Probably. I've tried it 3 or 4 times, and was highly unimpressed each time.
It is a very cheap/weak knockoff of the real thing.


----------



## dayspring (Mar 4, 2006)

ProWallGuy...Sure wish I'd seen this thread a year ago, Had a job removing over 6,000 sf of paper, we tried everything you can imagine excepts the plastic on the wall. That makes good sense. Maybe that's why I didn't think of it! All I know is over-all I under estimated the job (big-time) @ $8.00 a roll, some took as long as $32.00 a roll to remove, it came off in tiny pieces. Good thing the homeowner paid the labor difference. Once again, the Pro's in this forum "SHINE"


----------



## chris n (Oct 14, 2003)

ProWallGuy said:


> Probably. I've tried it 3 or 4 times, and was highly unimpressed each time.
> It is a very cheap/weak knockoff of the real thing.

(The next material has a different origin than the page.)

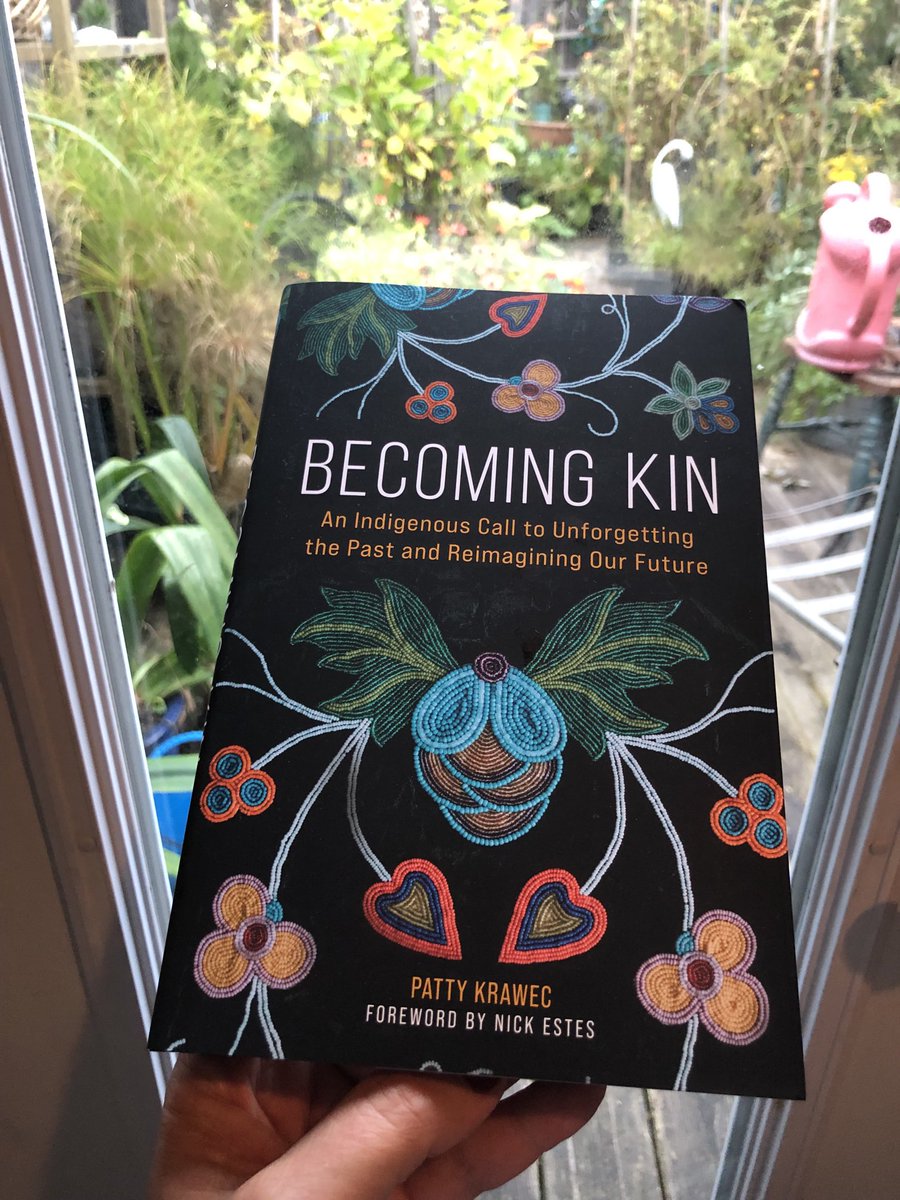 My copy arrived thank you ⁦@gindaanis⁩ 🤓#BecomingKin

You got that right.:notworthy


----------



## lornmastro (Mar 17, 2006)

thanks for the info will search/buy the gardz


----------



## Rich Wozny (Aug 18, 2005)

IMHO, I would always get as much of the paste off as possible, no matter what the new finish will be. After wetting, scraping, etc. I always wash walls with a non-sudsings cleaner, such as Soilax or Dirtex mixed in water, changing it as it gets dirty, until walls are paste free. If you tear through the drywall paper in spots, let dry completly, then sand those spots down tightly, then prime with gardz, let dry then patch. I've had homeowners who stripped their own wallpaper, they usually get 60% of the paste off and think its OK to paint over. Then I tell them I'll do it the right way, charge them accordingly, and tell them next time call me, don't waste your time doing a half assed job.


----------



## lxdollarsxl (Apr 13, 2006)

Ive never had any problems with just warm water, just wetting 2 lengths at a time and letting soak for 2 mins. Then using soilax to wash off the remaining adhesive. If you also think about it and try teasing the paper from the top first and find it comes off is small peices try from the bottom and you will find its possible to pull off a full length taking your time - wallpaper when made has (you may think it funny) grain which runs one way a bit like steel when rolled one way try to go against this grain and you get bits go with it and it comes off sweetly.:thumbsup:

Just a thought if its got a vinyl top to it, peel off that layer dry leaving the backing, then warm water again removes.


----------



## donb1959 (Dec 9, 2004)

I just recently remover paper/paper from a kitchen, it had been hung over latex painted walls. I have used the DIF liquid with no success, but I tried the DIF gel, and to my surprise it worked fairly well. I sprayed it on _heavily_ then waited at least 30 mins, and it peeled off fairly easily with a minimum of delamination. I'm *always* looking for a more effective way of paper removal, as it's always a pain in my arse.


----------



## 747 (Jan 21, 2005)

I would do it slickshift ways. Go rent a wallpaper steamer. Score the wallpaper to make little holes in it and steam it loose. Once you get the paper off go with this.http://www.zinsser.com/product_detail.asp?ProductID=27


----------



## Rich Wozny (Aug 18, 2005)

747 said:


> I would do it slickshift ways. Go rent a wallpaper steamer. Score the wallpaper to make little holes in it and steam it loose. Once you get the paper off go with this.http://www.zinsser.com/product_detail.asp?ProductID=27


747... I've always thought of a wallpaper steamer as a personal sauna, in my encounters with them, they suck, but some people might like a two for one!


----------



## 747 (Jan 21, 2005)

I rented one once and the wallpaper just pealed off actually in sheets. No problem it way gravey all the way.I thought it worked excellent. But i did have to buy one of those hand held scoring tools to run over the wallpaper and make the holes in it. It was a little bit steamy but i new it wasn't going to be a clean job.


----------



## Rich Wozny (Aug 18, 2005)

Wow 747 your an airline pilot? how come you didn't get in on the airline security thread?


----------



## 747 (Jan 21, 2005)

I didn't see it.


----------



## lornmastro (Mar 17, 2006)

bringing this back to the top...great thread


----------



## Red Canary (Mar 16, 2007)

Never heard of the concoction of dif, vinegar . . . etc. Would like to try the fabric softener recipe.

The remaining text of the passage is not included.